Raw data:

:::

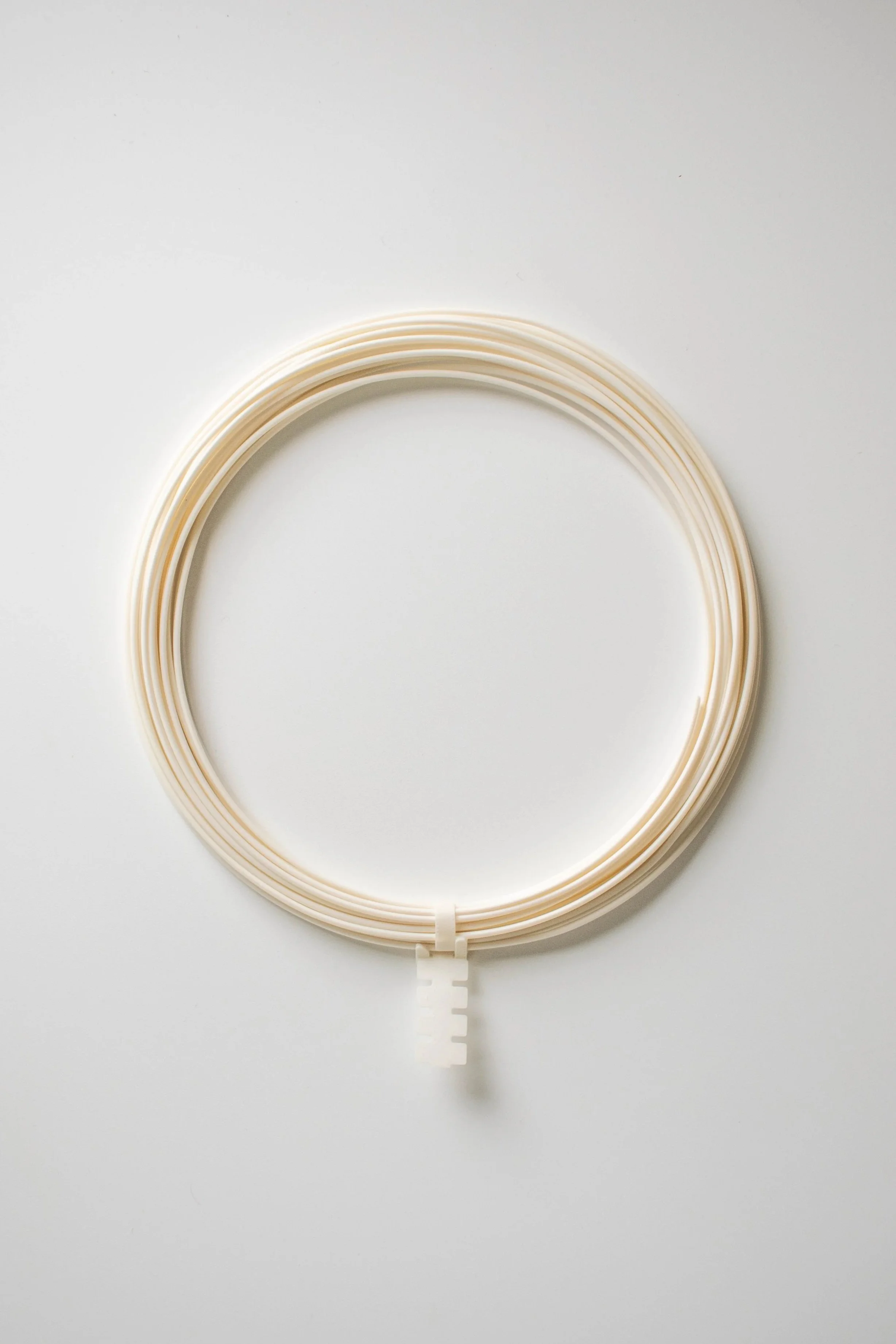 | 2 | `DSC_0895.jpg` | Shell White TraceMatter™ trial filament arranged as a loose coil with a printed retaining clip |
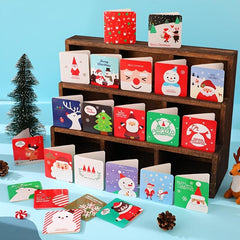 24sheets Cartoon Christmas Greeting Cards Mini Fold Small Cards Gift Envelopes
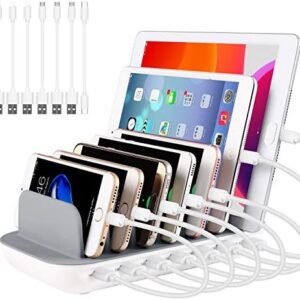 PRITEK Charging Station for Multiple Devices 60W/12A 7 Ports Desktop Charger Station with 6 Ai USB Ports + 1 Type-c Port with 7pcs USB Cables Compatible for most USB Enabled Electronics (White)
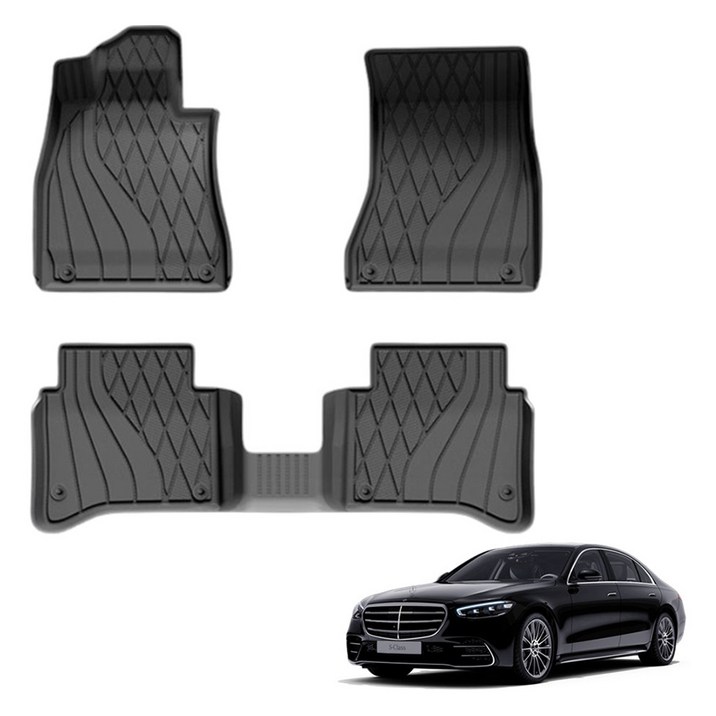 3W 에코라이너 TPE 카매트 1  2열 세트, 벤츠 S클래스 롱바디 V223 2021년형, 블랙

:::

Task description: Retype all the material word for word while skipping any picture it contains.

Solution to this exercise:
 | 2 | `DSC_0895.jpg` | Shell White TraceMatter™ trial filament arranged as a loose coil with a printed retaining clip |
 24sheets Cartoon Christmas Greeting Cards Mini Fold Small Cards Gift Envelopes
 PRITEK Charging Station for Multiple Devices 60W/12A 7 Ports Desktop Charger Station with 6 Ai USB Ports + 1 Type-c Port with 7pcs USB Cables Compatible for most USB Enabled Electronics (White)
 3W 에코라이너 TPE 카매트 1  2열 세트, 벤츠 S클래스 롱바디 V223 2021년형, 블랙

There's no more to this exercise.